Wolfe unloaded. He didn’t enjoy it and neither did I, spilling it, but we had to know about the gun and it might have taken us days. He skipped the details, including no quotes, but gave it straight, both parts, before the news came over the radio and after. He didn’t include my reasons for deciding that she hadn’t shot her husband, but I didn’t mind; it might have got Cramer confused and that would have been a pity. He was a little confused anyhow; toward the end he was frowning, pulling at his lip now and then, a wary look in his eyes. When Wolfe finished he sat looking at it before he spoke.

“What have you left out?” he demanded.

Wolfe shook his head. “Nothing material. You said you wanted the substance; you have it. How long will it take to trace the gun?”

“I don’t get it. After she came to you with that fairy tale, and the news came about her husband, and you learned that we were holding her, you took her for a client? I don’t get it. I have never known you to take a murderer for a client. Whether it’s just your goddamn luck, or what, I don’t know, but you haven’t. Why did you take her?”

A corner of Wolfe’s mouth turned up. “I asked Mr. Goodwin’s opinion and he said she was innocent. His judgment of women under thirty is infallible. How long will it take to trace the gun?”

“Nuts.” Cramer stood up. “Maybe an hour, maybe a week. I’m taking Goodwin. They’ll take his statement at the District Attorney’s office, a complete report of the conversation. I’ll have a man here at two o’clock to take yours. If I took you down you’d only—”

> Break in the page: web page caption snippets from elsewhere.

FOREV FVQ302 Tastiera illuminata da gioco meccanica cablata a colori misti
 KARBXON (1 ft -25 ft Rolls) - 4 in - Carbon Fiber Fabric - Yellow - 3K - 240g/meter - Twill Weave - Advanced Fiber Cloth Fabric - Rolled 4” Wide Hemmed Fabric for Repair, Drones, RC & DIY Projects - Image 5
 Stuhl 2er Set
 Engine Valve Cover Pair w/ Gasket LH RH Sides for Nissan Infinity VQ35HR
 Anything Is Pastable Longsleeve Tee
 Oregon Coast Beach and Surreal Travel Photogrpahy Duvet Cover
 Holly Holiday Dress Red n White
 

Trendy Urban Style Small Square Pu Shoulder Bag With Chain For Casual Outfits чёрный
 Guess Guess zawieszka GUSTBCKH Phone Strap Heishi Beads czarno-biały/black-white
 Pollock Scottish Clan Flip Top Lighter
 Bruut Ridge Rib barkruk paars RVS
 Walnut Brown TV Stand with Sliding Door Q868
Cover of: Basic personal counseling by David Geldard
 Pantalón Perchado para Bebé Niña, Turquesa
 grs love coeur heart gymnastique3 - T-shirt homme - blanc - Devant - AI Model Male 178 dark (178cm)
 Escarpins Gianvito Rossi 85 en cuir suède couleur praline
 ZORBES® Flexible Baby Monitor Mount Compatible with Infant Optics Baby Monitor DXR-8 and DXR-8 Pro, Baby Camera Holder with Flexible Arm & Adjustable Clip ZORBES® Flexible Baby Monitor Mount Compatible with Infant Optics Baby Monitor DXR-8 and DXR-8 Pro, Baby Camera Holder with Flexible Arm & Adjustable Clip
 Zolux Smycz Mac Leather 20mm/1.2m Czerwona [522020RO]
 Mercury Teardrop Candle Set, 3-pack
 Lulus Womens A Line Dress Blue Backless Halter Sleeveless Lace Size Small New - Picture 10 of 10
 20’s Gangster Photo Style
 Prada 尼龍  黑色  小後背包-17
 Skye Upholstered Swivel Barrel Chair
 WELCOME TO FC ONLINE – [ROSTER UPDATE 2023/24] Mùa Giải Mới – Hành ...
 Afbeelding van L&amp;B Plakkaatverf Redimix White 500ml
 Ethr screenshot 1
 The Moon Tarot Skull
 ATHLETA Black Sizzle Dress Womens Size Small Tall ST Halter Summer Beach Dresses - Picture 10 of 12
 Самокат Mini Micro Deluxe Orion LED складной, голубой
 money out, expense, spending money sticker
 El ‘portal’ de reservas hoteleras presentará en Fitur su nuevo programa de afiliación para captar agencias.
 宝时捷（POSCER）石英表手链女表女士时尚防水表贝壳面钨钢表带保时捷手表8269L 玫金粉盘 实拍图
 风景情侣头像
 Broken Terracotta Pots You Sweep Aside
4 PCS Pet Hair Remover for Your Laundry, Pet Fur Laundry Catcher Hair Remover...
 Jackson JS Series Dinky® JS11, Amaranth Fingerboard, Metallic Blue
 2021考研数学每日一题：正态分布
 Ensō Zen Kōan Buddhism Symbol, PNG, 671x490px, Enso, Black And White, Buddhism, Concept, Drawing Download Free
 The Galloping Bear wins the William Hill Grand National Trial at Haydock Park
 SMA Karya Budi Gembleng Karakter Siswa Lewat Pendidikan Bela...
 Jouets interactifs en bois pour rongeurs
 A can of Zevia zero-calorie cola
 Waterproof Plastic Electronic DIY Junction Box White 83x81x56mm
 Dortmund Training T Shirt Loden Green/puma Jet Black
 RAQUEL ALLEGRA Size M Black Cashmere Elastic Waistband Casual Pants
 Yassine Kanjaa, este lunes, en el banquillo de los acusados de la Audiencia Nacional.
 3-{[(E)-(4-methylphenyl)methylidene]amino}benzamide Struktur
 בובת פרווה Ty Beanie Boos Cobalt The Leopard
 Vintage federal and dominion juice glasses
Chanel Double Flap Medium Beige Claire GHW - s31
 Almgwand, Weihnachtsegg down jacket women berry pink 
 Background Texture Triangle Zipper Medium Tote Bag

“I shall sign no statement. I am not obliged to. If you send a man he won’t be admitted. If you have questions, ask them.”

Cramer’s round red face got redder. But that was as far as it went; his memory of what had happened on the three occasions he had taken Wolfe downtown was presumably what stopped him. He stuck the gun in his pocket and turned to me. “Come on, Goodwin. We’ll see.”

As I arose the phone rang and I reached to get it. It was Nathaniel Parker. He was upset. “Archie? Nat Parker. Mrs. Hazen is being held on a charge of homicide, of course without bail. I want to see Wolfe before I see her. I have to know what she told him yesterday. I’ll be there in twenty minutes.”

“Fine,” I said. “He’s in a perfect mood for it. Come ahead.” I hung up, told Wolfe, “Parker will be here in twenty minutes,” and went to the hall for my coat and hat, with Cramer at my heels.